De ses multiples combats, on a surtout retenu ses attaques frontales en faveur des femmes. Puisque « la femme naît libre et demeure égale à l’homme en droits » (Déclaration, article I), « la loi doit être l’expression de la volonté générale ; toutes les citoyennes et tous les citoyens doivent concourir personnellement, ou par leurs représentants, à sa formation ; elle doit être la même pour tous : toutes les citoyennes et tous les citoyens étant égaux à ses yeux, doivent être également admissibles à toutes les dignités, places et emplois publics, selon leurs capacités, et sans autres distinctions que celles de leurs vertus et de leurs talents » (art. VI).

Sa vie et ses idées sont désormais bien connues grâce au travail d’Olivier Blanc et à plusieurs rééditions de ses pièces de théâtre et d’autres textes (Côté-femmes, Mille et une nuits, Cocagne). Des travaux universitaires récents projettent une lumière de plus en plus nuancée sur une œuvre singulière (Joan Scott, Eléni Varikas, Christine Fauré, Gabrielle Verdier, Catherine Masson, etc).

Mais les aléas de la notoriété posthume de de Gouges, y compris comme féministe, méritent attention car ils posent la question plus générale des innombrables (semi-) oubliées de l’histoire. Pour avoir pris la parole et fait la preuve de talents jugés masculins, celles-ci passèrent, en leur temps, pour des « femmes-hommes » et des viragos. Cette célébrité première, accrue souvent par des situations qui les rendaient socialement et financièrement vulnérables, a englouti ou marginalisé ces femmes, quand elle ne les a pas métamorphosées en harpies et/ou en martyres.

George Sand n’a pas échappé, non plus que Mme Roland, à ce type de défiguration, à la fois physique et morale. Quant à leurs consœurs écrivaines, féministes ou non, elles ont attendu longtemps avant de reconnaître l’apport de de Gouges à la réflexion politique en général et à la cause des minoritaires (femmes ou esclaves) en particulier. Flora Tristan ne se dit-elle pas, en 1843 dans L’Union ouvrière, « la première qui a reconnu en principe les droits de la femme » ? Déni ou mépris des devancières ? On ne sait, mais les différentes vagues du féminisme ont connu des « oublis » analogues.

La misogynie des « découvreurs » récurrents de de Gouges a, au XIXe siècle, des accents féroces et stupides : « héroïque et folle » (les Goncourt), atteinte de « paranoïa reformataria » (un docteur Guillois), « une toquée dans ses mauvais jours, trop nombreux, ce fut une gâcheuse dans ses meilleurs » (Léopold Lacour), etc. Mais, en ce début du XXIe siècle, il serait fâcheux de voir se mettre en place une vision qui, pour être plus pondérée, n’en resterait pas moins biaisée et tronquée.

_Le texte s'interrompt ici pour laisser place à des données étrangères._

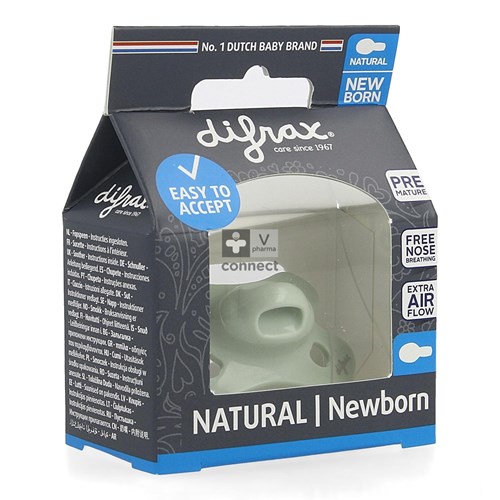 Difrax Sucette Natural Newborn Uni Vert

Activiste anomique des lettres françaises, de Gouges est inséparable de l’ensemble des débats de son temps et d’un monde violemment genré où les femmes font alors, sans le fard de l’anonymat, une percée remarquée et controversée. Au milieu d’écrivaines francophones talentueuses comme Isabelle de Charrière, Germaine de Staël, Stéphanie de Genlis, Constance Pipelet, Louise de Kéralio et beaucoup d’autres souvent oubliées, de Gouges est, selon Fortunée Briquet en 1804, une des « femmes les plus intéressantes de son temps ».